- Task:
Your copy should begin with the line containing "GreciaMorgan – webcam", end with the line containing "Iridescent silver natives size toddler 8", match the listing below exactly, and contain no pictures.

- Data:
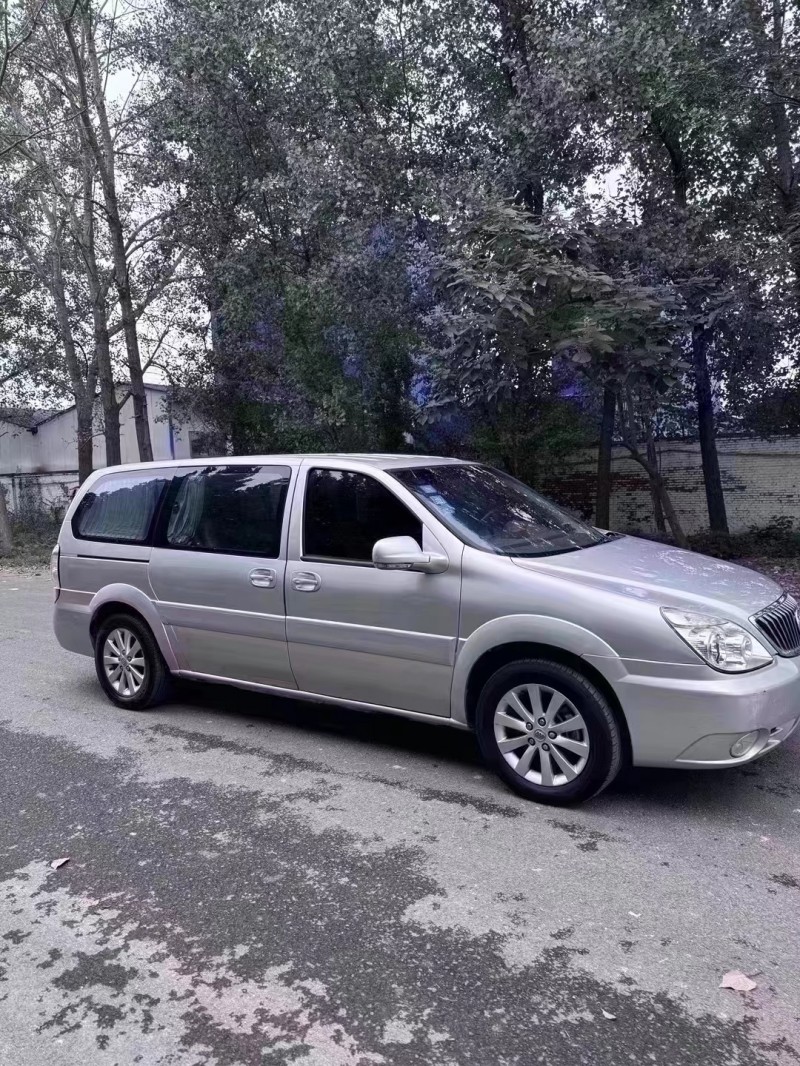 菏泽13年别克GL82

...

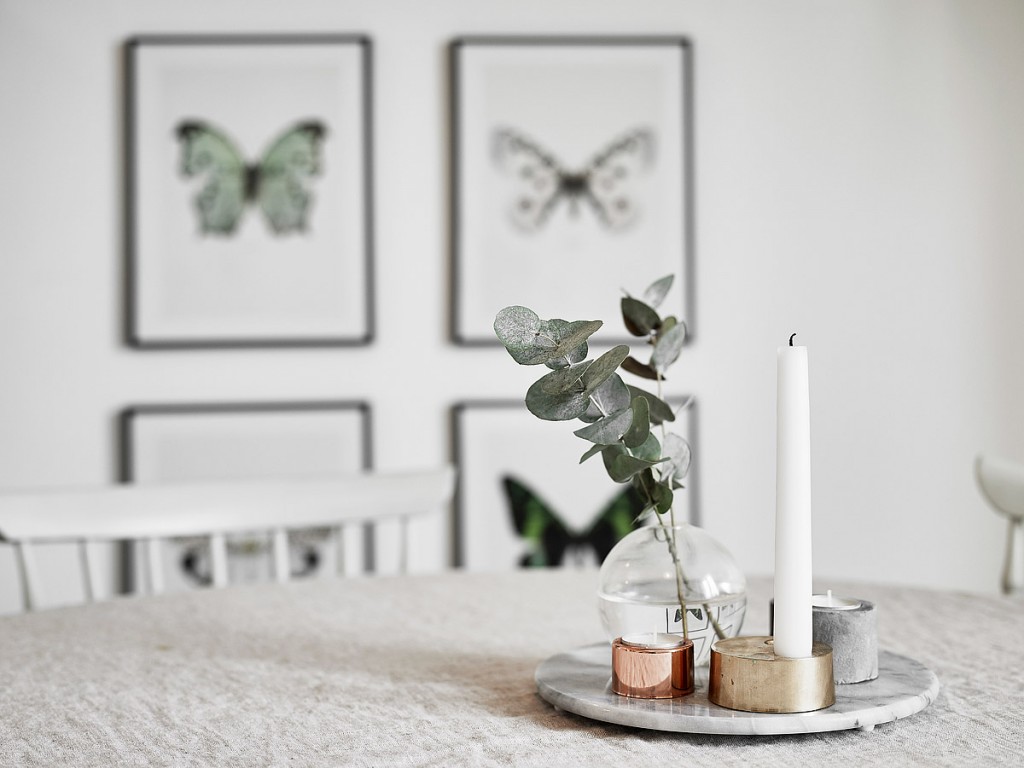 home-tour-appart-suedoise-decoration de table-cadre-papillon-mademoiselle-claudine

--

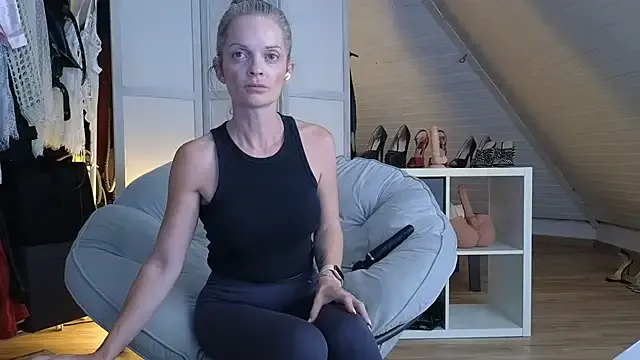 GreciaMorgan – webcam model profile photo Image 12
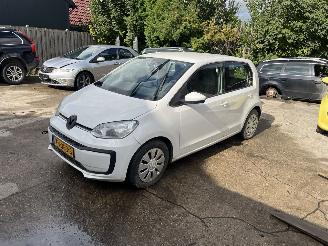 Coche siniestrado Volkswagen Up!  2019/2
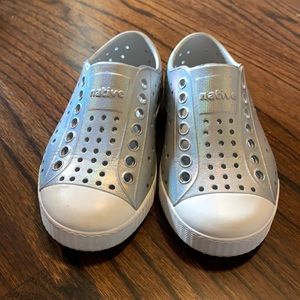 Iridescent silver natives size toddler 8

- Solution to the exercise:
 GreciaMorgan – webcam model profile photo Image 12
 Coche siniestrado Volkswagen Up!  2019/2
 Iridescent silver natives size toddler 8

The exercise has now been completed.